ーーそれに対して仕掛けがしっくりこなかった?
そうです、そうです。
ーー半遊動でウキを浮かせて釣る仕掛けでは「グレのタナに合わせて釣る」という理屈になると思いますが、タナに合わせるという行為は、実際にはかなり難しいことなのでしょうか。
難しいです。
ーーそれをきっちりできる人は少ない?
少ないでしょうね。相当うまくないとできないと思う。
ーーだからこそ1000釣法が受け入れられた?
それじゃない。マキエとズレにくいというのが一番だと思う。それ(タナの話)は結果論。
オモリ使用率は9割
ーー現在お使いのタックル、仕掛けを教えていただけますか。ホームグラウンド大分での口太狙いを想定したものでお願いします。

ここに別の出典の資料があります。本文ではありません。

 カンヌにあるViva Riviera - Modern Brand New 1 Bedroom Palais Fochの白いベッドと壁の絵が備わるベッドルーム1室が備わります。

竿はインテッサのG-IVやな、1号の5・3m。リールがトーナメントISO競技LBDかな。ウキはスーパーエキスパート0C。
ーーウキの浮力を変えることはありませんか?
変えることはない。道糸がフリクションゼロの1・5号。ストッパーはふかせからまん棒の小さいやつ。ハリスがウルトラフレキシブルの1・5号。長さは7~10mやけど、何もつかまずに仕掛けをブラブラさせて投入する人がいるじゃないですか。この場合、ハリスを10mとると道糸とハリスの結び目がスプールの中に入るので引っ掛かってダメなんですよ。
サシエの上のハリスをつまんで投げる人なら10mとっても問題ない。結び目がスプールの中に入るのだけは避けてほしい。これが注意点ですね。
ハリはこだわりがない、5~6号が主体です。このあとにガン玉調整が出てくる。
ーーオモリはあまり使わないというイメージでしたが…。
基本は、とっかかりとしては、使わない。要はウキを替えたくないんですよ。0Cが1個あればいい。流れが速くなるほど、潮の角度が開くほど、遠投するほど、風が強くなるほど沈まない。沈まないということはマキエと同調しないということだから。その手助けをするだけ。
ーーオモリを使用する機会はだいたい釣りの何割を占めますか。
9割くらいじゃない? そんなにトロトロした流れの釣り場には行かない、流れのあるところでは使わんとダメやもん。
ーー号数はどのくらいですか。
持ってるのはBとG3とG5、その3種類を使い分けるだけ。
ーー打つ位置もやはり変わりますよね。
条件によって変わります。基本的にはウキ寄り、ストッパーの10~15cm下。ガン玉を使うっていうのはウキを替えないというのにつながってるんやから、欠かせないアイテムです。何もないときは地球の重力に引かれて沈むから何もせんでいい。流れなど横の力が加わるんやから、その分のガン玉を打たんと入っていかんですよ。道糸が引っ張られるから。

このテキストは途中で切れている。